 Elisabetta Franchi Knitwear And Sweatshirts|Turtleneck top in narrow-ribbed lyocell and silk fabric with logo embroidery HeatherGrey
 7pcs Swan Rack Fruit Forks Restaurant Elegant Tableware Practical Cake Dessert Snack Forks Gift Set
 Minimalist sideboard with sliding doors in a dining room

==

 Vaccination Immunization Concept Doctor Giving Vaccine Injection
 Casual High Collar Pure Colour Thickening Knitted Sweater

...

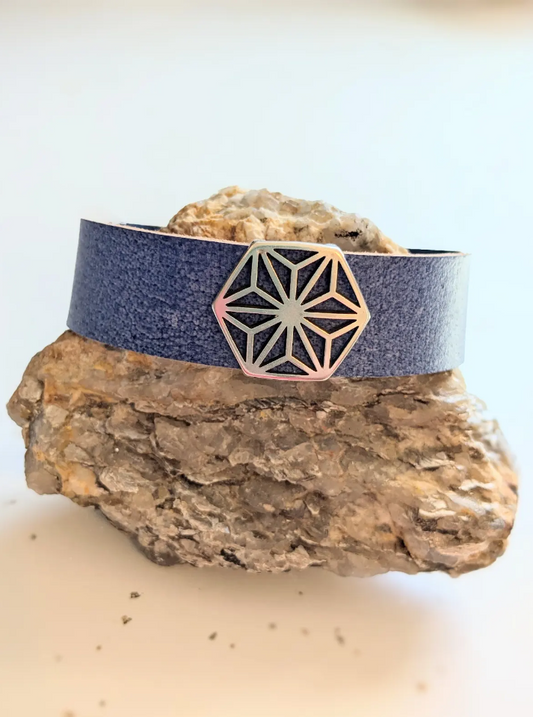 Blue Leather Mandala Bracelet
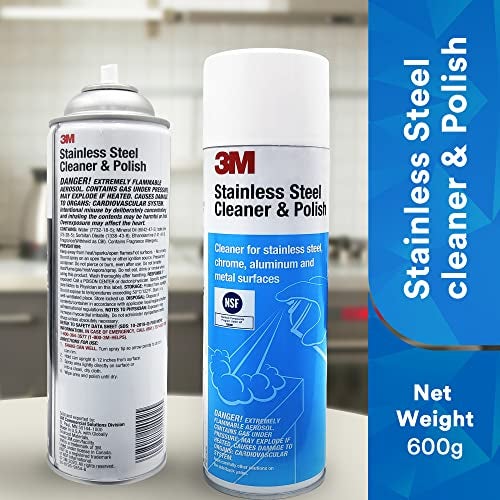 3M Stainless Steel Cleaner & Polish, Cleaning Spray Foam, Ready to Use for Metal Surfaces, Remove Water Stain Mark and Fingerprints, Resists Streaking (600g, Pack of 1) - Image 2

> **Task objective**
Look through the material above and print exactly the lines from the one containing "Elisabetta Franchi Knitwear" to the one containing "Minimalist sideboard with", both included, and nothing more.

> **Result of this task**
 Elisabetta Franchi Knitwear And Sweatshirts|Turtleneck top in narrow-ribbed lyocell and silk fabric with logo embroidery HeatherGrey
 7pcs Swan Rack Fruit Forks Restaurant Elegant Tableware Practical Cake Dessert Snack Forks Gift Set
 Minimalist sideboard with sliding doors in a dining room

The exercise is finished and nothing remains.